--- Work to complete ---
Nothing in the listing should be altered when it is copied, and no picture goes into the copy.

--- The data ---
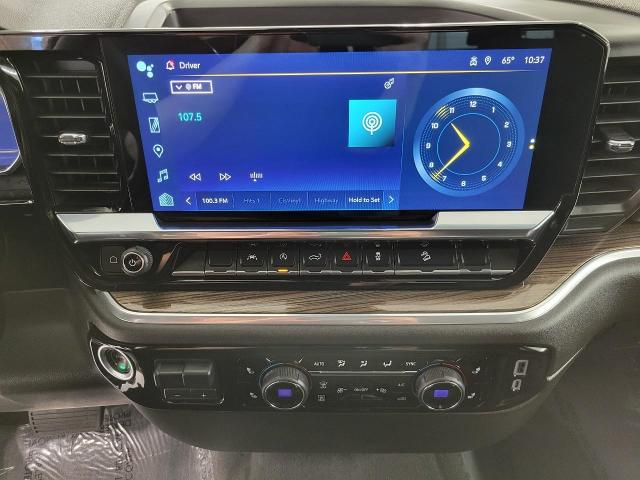 2024 Chevrolet Silverado 1500 Vehicle Photo in NEENAH, WI 54956-2243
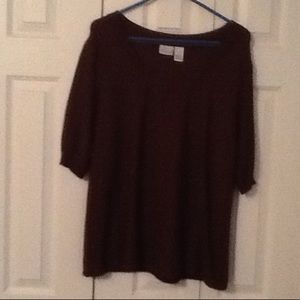 Elbow length sleeves Brown sweater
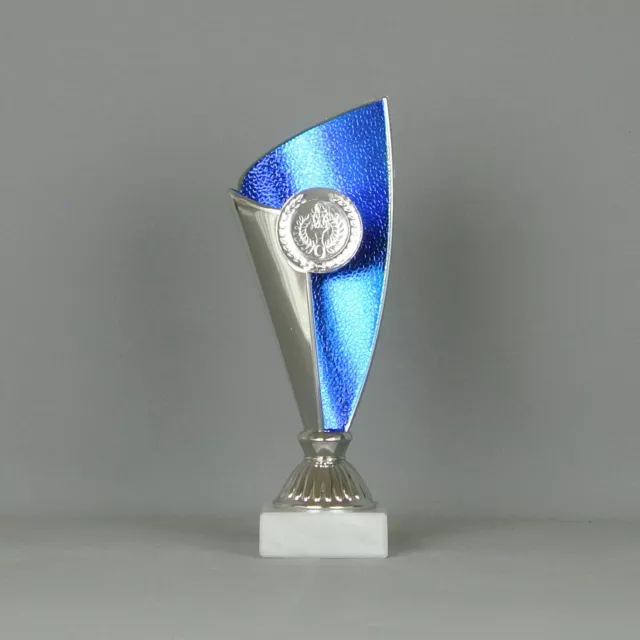 Pokal / 19 cm / blau silber / mit Gravur + Emblem / kompl. MONTIERT
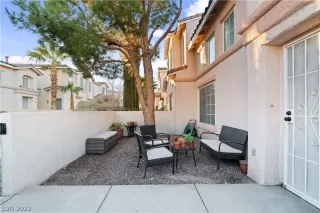 Photo #3: 2369869 Listing 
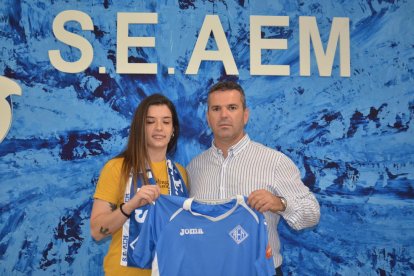 El conjunto de Recasens continúa pescando en el Pardinyes.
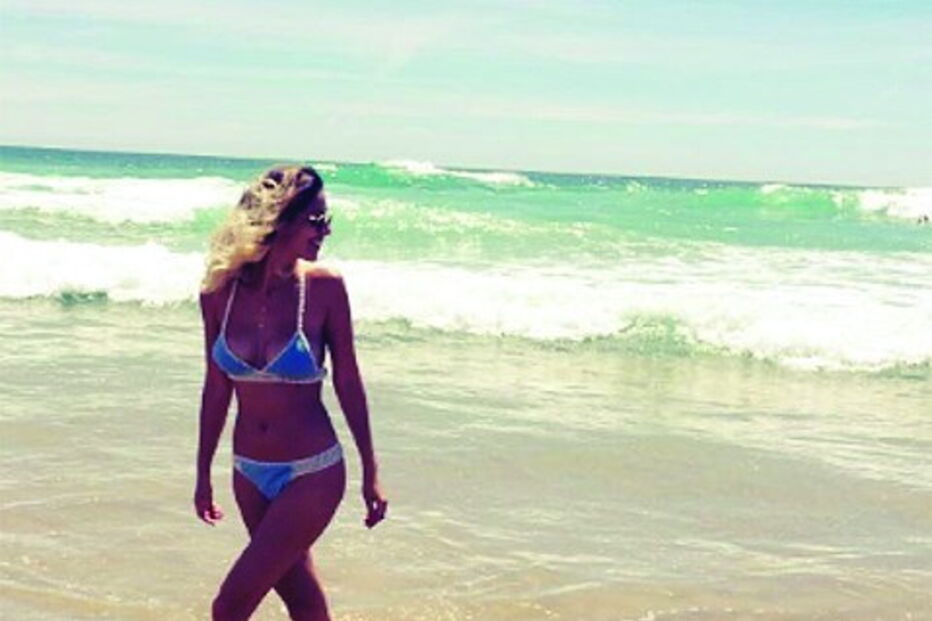 Marta Melro na praia 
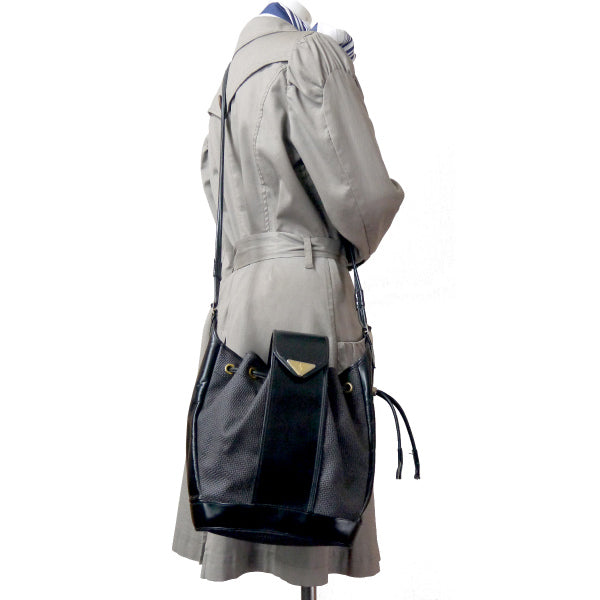 YVES SAINT LAURENT 巾着ショルダー（黒）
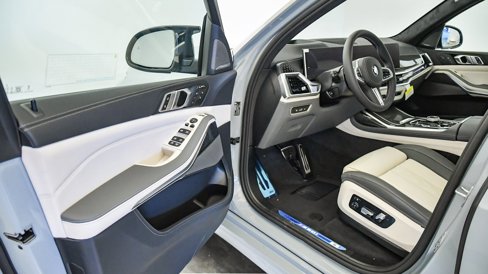 New 2026 BMW X7 M60i image 30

--- Exercise answer ---
 2024 Chevrolet Silverado 1500 Vehicle Photo in NEENAH, WI 54956-2243
 Elbow length sleeves Brown sweater
 Pokal / 19 cm / blau silber / mit Gravur + Emblem / kompl. MONTIERT
 Photo #3: 2369869 Listing 
 El conjunto de Recasens continúa pescando en el Pardinyes.
 Marta Melro na praia 
 YVES SAINT LAURENT 巾着ショルダー（黒）
 New 2026 BMW X7 M60i image 30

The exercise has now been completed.